== TASK ==
Within the listing below, give again exactly the lines between the one containing "Poodle Dog Breed" and the one containing "Pioneer pet swan", inclusive, pictures left aside.
-- RECORDS PROVIDED follows --
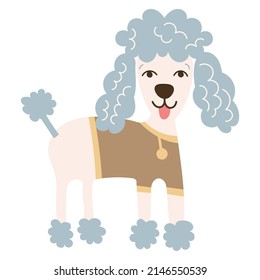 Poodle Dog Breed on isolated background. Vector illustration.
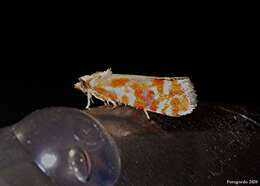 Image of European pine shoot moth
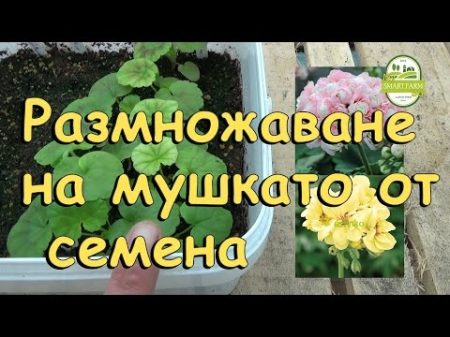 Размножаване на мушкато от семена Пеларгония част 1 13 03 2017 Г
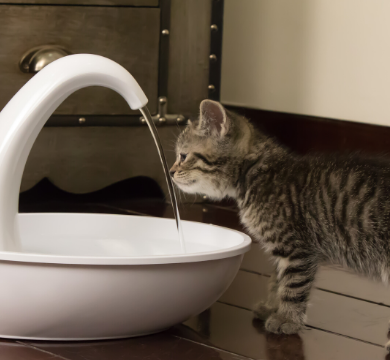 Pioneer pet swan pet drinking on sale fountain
-- RECORDS PROVIDED concluded --
-- RECORDS PROVIDED follows --
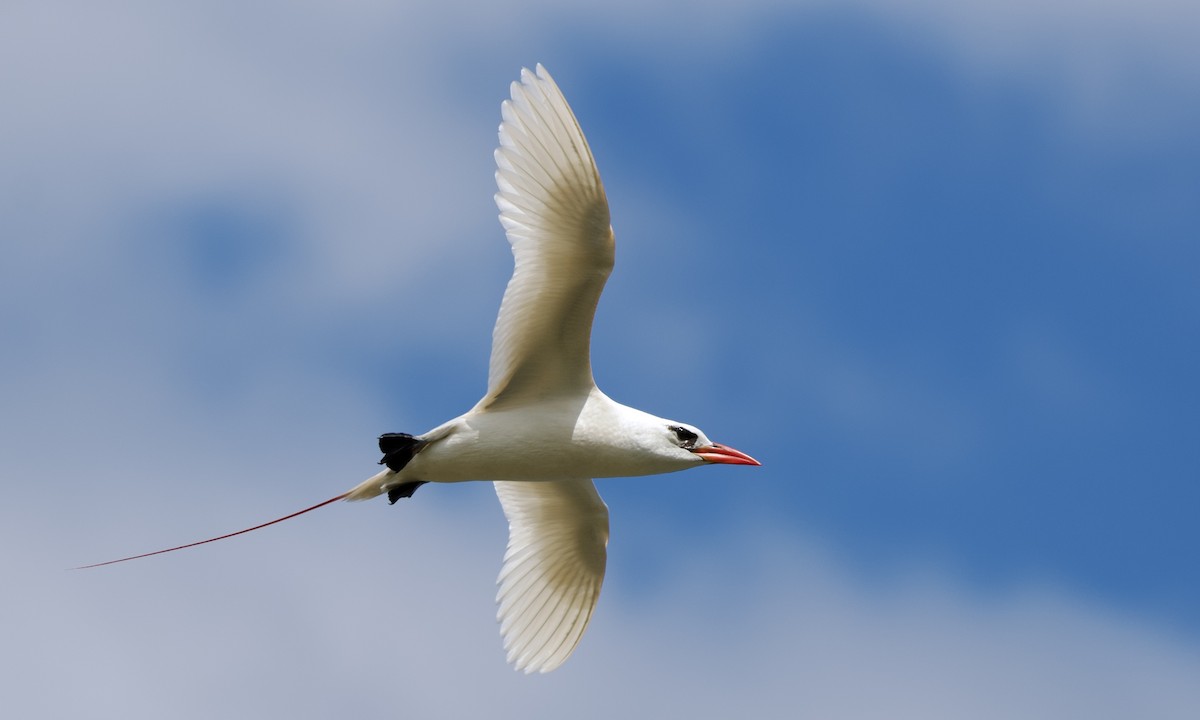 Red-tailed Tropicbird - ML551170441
-- RECORDS PROVIDED concluded --
== WRITTEN SOLUTION ==
 Poodle Dog Breed on isolated background. Vector illustration.
 Image of European pine shoot moth
 Размножаване на мушкато от семена Пеларгония част 1 13 03 2017 Г
 Pioneer pet swan pet drinking on sale fountain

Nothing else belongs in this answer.